Define a "Grover Iteration" $G:=CU_yC^{-1}U_0$ and just apply this repeatedly. If the probability of measuring $y$ is $p$, you will need $O(\sqrt{1/p})$ iterations to have a high probability that the final state is close to $\vert y\rangle \vert\phi\rangle$.

Why: If we define $\vert\psi\rangle=C^{-1}\vert y\rangle\vert \phi\rangle$, and decompose $\vert 0\rangle=\alpha_1\vert \psi\rangle+\alpha_2\vert \psi^\perp\rangle$, then this algorithm will rotate through the space spanned by $\vert \psi\rangle$ and $\vert \psi^\perp\rangle$, the same as Grover's algorithm. Each iteration will rotate by the angle $\theta:= \arccos(\vert\langle \psi^\perp\vert 0\rangle\vert)\approx \sqrt{p}$.

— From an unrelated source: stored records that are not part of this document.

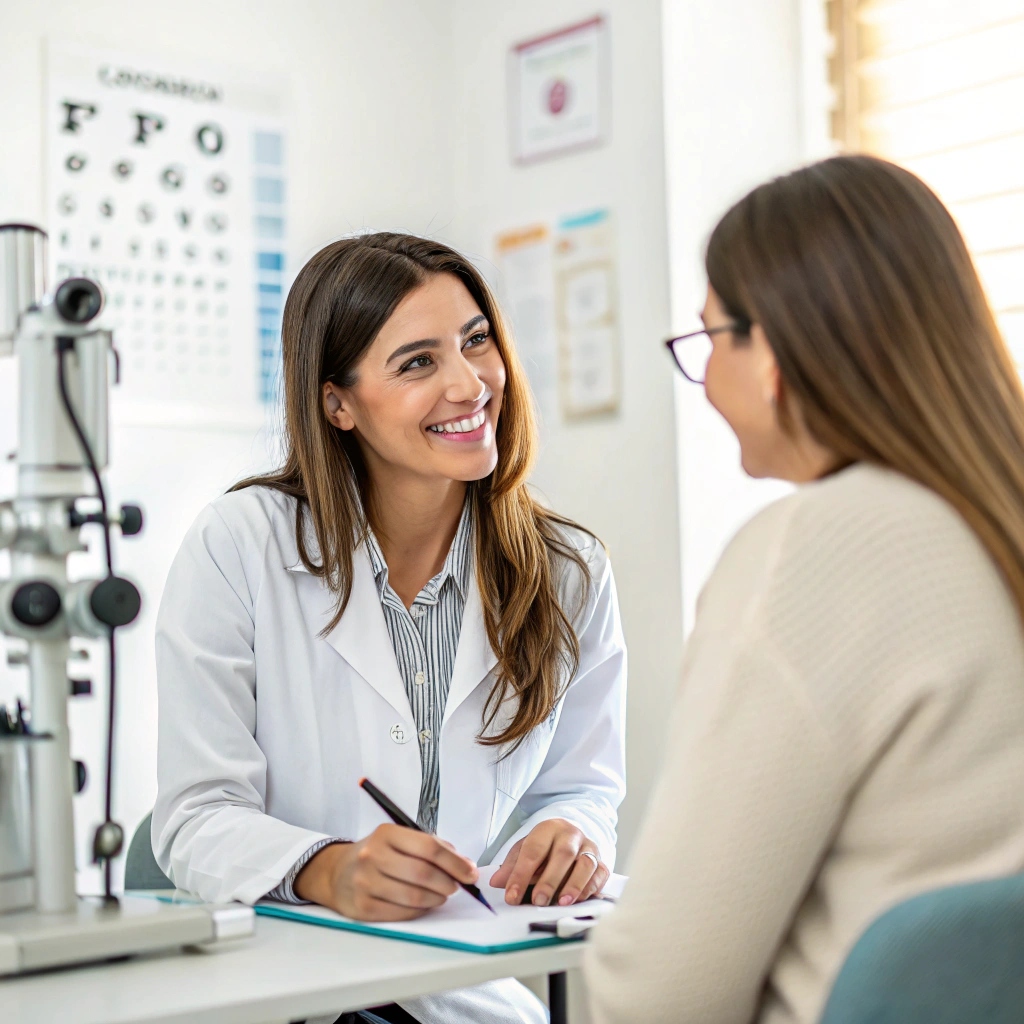 a professional young female ophthalmologist with a (1)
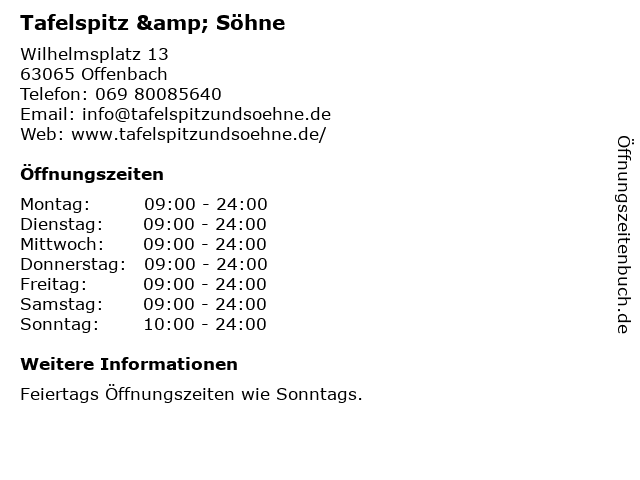 Tafelspitz & Söhne in Offenbach: Adresse und Öffnungszeiten
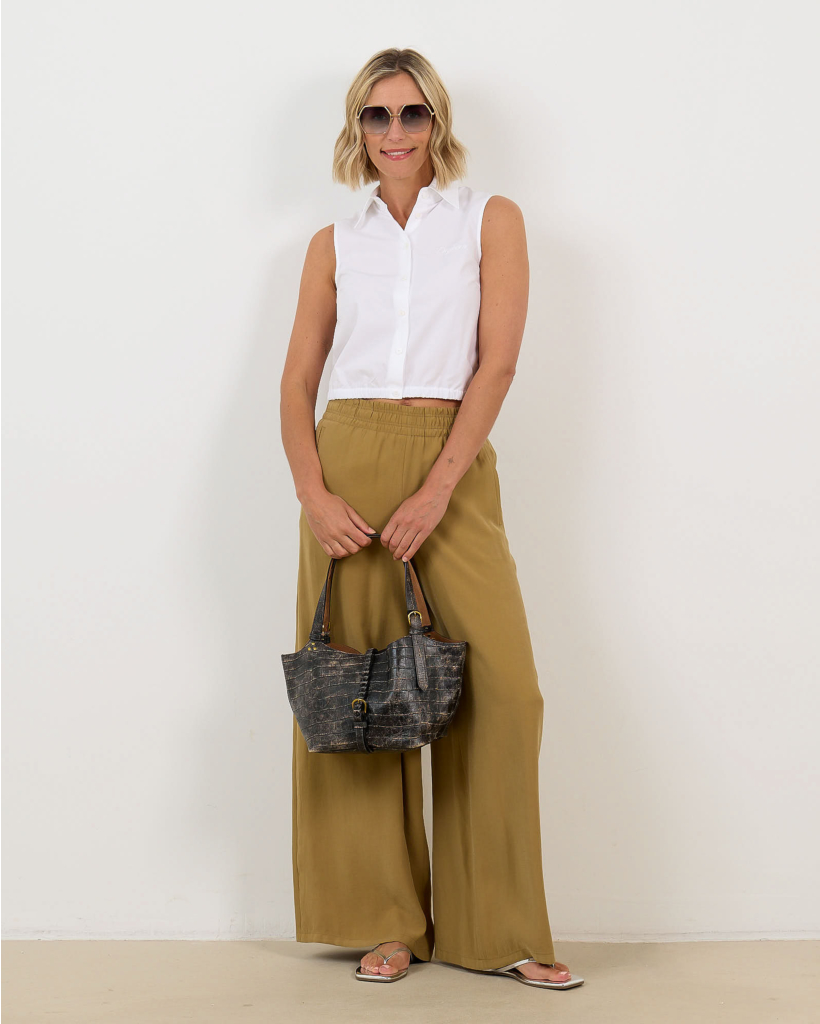 Tirtiel Sleeveless Blouse with Detachable Scarf White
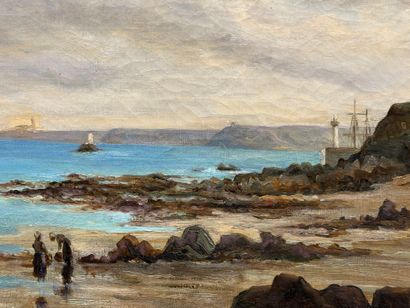 Alfred HOUSSEAUX (XIX)
Bord de mer.
huile...
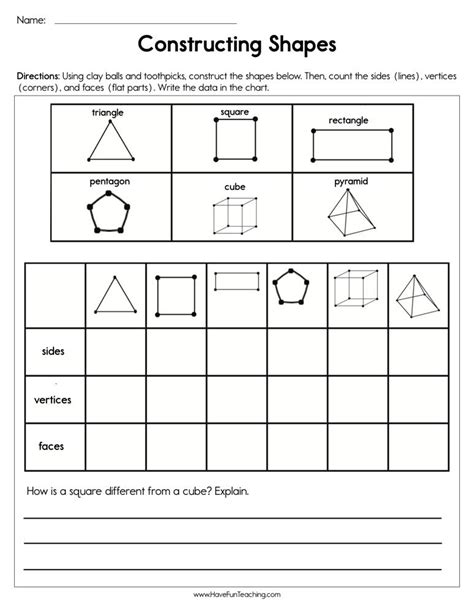 Constructing Shapes Worksheet Have Fun Teaching
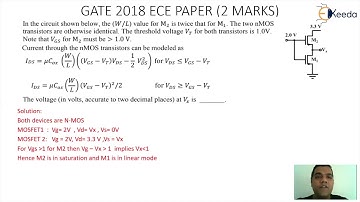 MOSFET Numerical Problems 2 Explained | GATE Analog Circuits Concepts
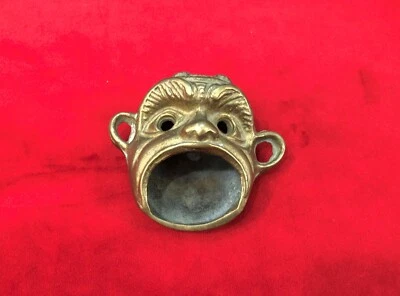 Ancienne lampe à huile figurant un maque Bronze Cendrier Presse papier Sculpture - Photo 1/4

The problem is that we need $\pi/2$ to be near an integer multiple of $\theta$ to get an exact answer. Thus, we add some number $N$ of ancilla qubits, expand the circuit to $C'=C\otimes H^{\otimes N}$, and expand $U_y$ to be

$$U_y\vert x\rangle \vert \psi\rangle\vert n\rangle = \begin{cases}\phantom{-}\vert x\rangle\vert\psi\rangle\vert n\rangle&,x\neq y\text{ or }n>q\\-\vert x\rangle\vert \psi\rangle\vert n\rangle&,x=y\text{ and }n\leq q\end{cases}$$

We choose $q$ such that the probability of both getting $y$ in the first register and $n\leq q$ in the third register is precisely enough that an integer number of these "Grover" iterations will take us to the state $$\frac{1}{\sqrt{q}}\sum_{n\leq q}\vert y\rangle\vert \phi\rangle\vert n\rangle$$

Then we use the arbitrary superposition circuit to clear the third register, and we use a series of $X$ gates to clear $y$ in the first register (since it is a bitstring that is known to us). All that's left is $\vert\phi\rangle$.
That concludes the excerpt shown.